Charlotte, N.C., Aug. 3 - Metromedia International Group, Inc. determined that the alternative proposal from Fursa Alternative Strategies LLC cannot reasonably be expected to lead to a superior proposal under its current merger agreement with CaucusCom Ventures LP and CaucusCom Mergerco Corp.

Fursa was notified of the Metromedia board of directors' decision by letter on Friday.

The board said it made the decision following a consultation with its outside counsel and financial advisers.

While Fursa presented a premium offer price of $2.05 per share, the board was not convinced of Fursa's ability to fund the cash portion of its proposed $69 million equity commitment, according to a company news release.
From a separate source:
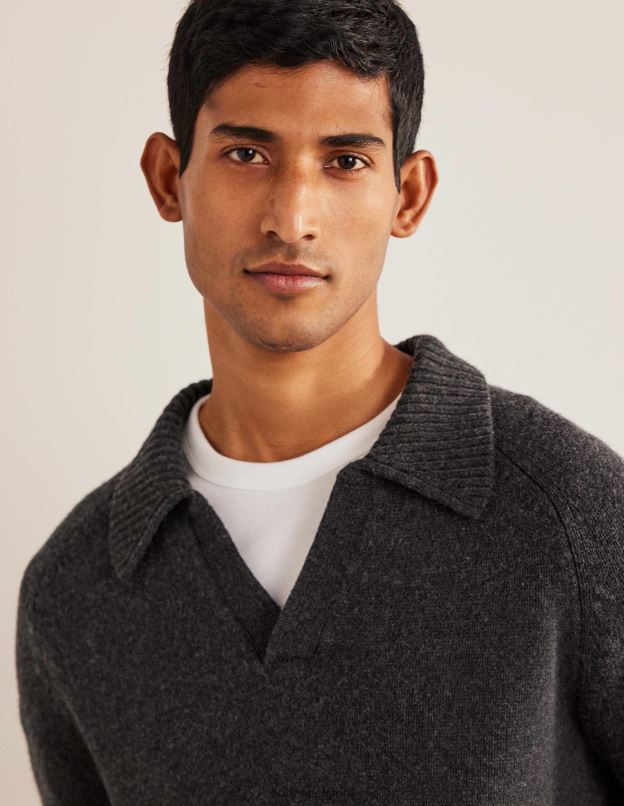 Hommes Boden mélange gris foncé pull à col ouvert vêtements Z42D03624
In addition, the board cited a lack of "reasonable evidence" that Fursa could complete the proposed $150 million debt financing.

As previously reported, CaucusCom Ventures and CaucusCom Mergerco began a $1.80-per-share cash tender offer for all of the shares of Metromedia's outstanding common stock on July 18. The tender offer expires at midnight ET on Aug. 14, unless extended.

Fursa owns 7,907,610 shares, or about 7.7%, of the Charlotte, N.C., communications company.